Bloch's theorem I am studying Bloch's theorem, which can be stated as follows:

The eigenfunctions of the wave equation for a period potential are the product of a plane wave $e^{ik \cdot r}$ times a modulation function $u_{k}(r)$, which has the periodicity of the lattice. In total: $\psi_k (r) = u_k(r)e^{ik\cdot r} $. [Reference: Kittel - Introduction to solid sate physics.]

I have some problems understanding Bloch's theorem in full. Can I view the wavevector $k$ as the actual, physical momentum of the electron, which moves in a periodic potential, i.e., does it define the wavelength via $\lambda = 2\pi/k$?
And how does this relate to the fact that all wavevectors can be translated back to the first Brouillon zone?

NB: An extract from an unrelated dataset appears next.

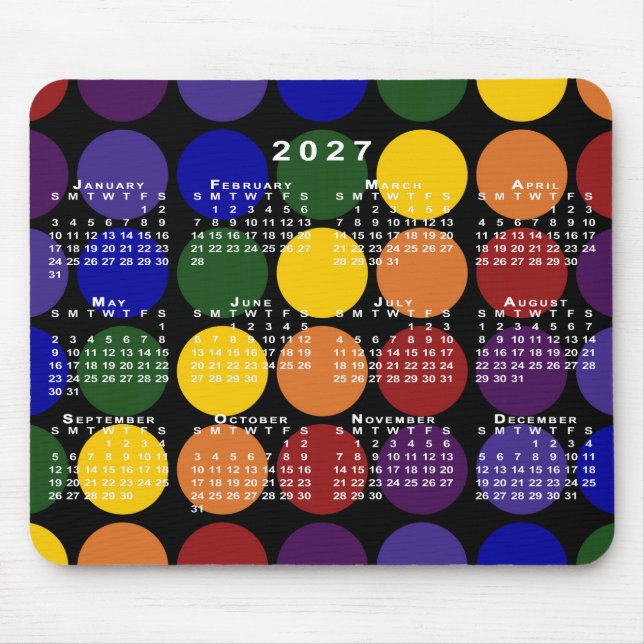 2027 Kalendern Pride Regnbåge Prickar på Svart Musmatta (Framsidan)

 A: Here's a simple-minded answer:
Let's just compute the momentum of a particle with a Bloch wave function
$$\begin{eqnarray}
\left.\langle x \right| \hat{p}\left|\Psi \rangle\right. &=& -i\hbar \left(\frac{d}{dx}\right) u_k(x) e^{i k x} \\
&=& -i \hbar \left( i k u_k(x) e^{ikx} + u_k'(x)e^{ikx}\right) \\
&=& \left( pu_k(x) - i\hbar u_k'(x)\right)e^{ikx} \end{eqnarray}$$
where in the last line we defined $p\equiv \hbar k$.
This pretty clearly shows that the Bloch wave function is not an eigenfunction of the momentum operator.
So, while you can always break the wave function down into plane waves $e^{ikx}$, and each component is a momentum eigenstate with momentum $p=\hbar k$, the Bloch functions are not themselves momentum eigenstates.
Therefore, $k$ in $u_k(x)e^{ikx}$ is not the momentum of the Bloch state.
Note, however, that if $u_k(x)=\text{constant}$ so that $u_k'(x)=0$, then we get
$$\left.\langle x \right|\hat{p} \left| \Psi \rangle \right. = pu_k(x)e^{ikx}=p\left.\langle x \ |\Psi \rangle \right. = 
\left.\langle x \right|\ p \left| \Psi \rangle \right. $$
or in other words
$$\hat{p}\left|\Psi\rangle\right. = p\left|\Psi \rangle\right. .$$
Please make a separate question for the Brillouin zone thing. I would like to answer this, but it belongs in a separate question.
A: You can't mix the crystal momentum $\vec{k}$ with the actual electron momentum, because in crystal, the actual translation symmetry is broken. That is to say, translate a very small distance, the system is changed, thus the actual 
momentum is not a good quantum number.  
You can check that $\psi_{nk}=\psi_{nk+K}$ and $E_{nk}=E_{nk+K}$, so that $\psi_{nk}$ and $\psi_{nk+K}$ actually describe the same quantum state, therefor one can always translate crystal momentum outside 1BZ into it.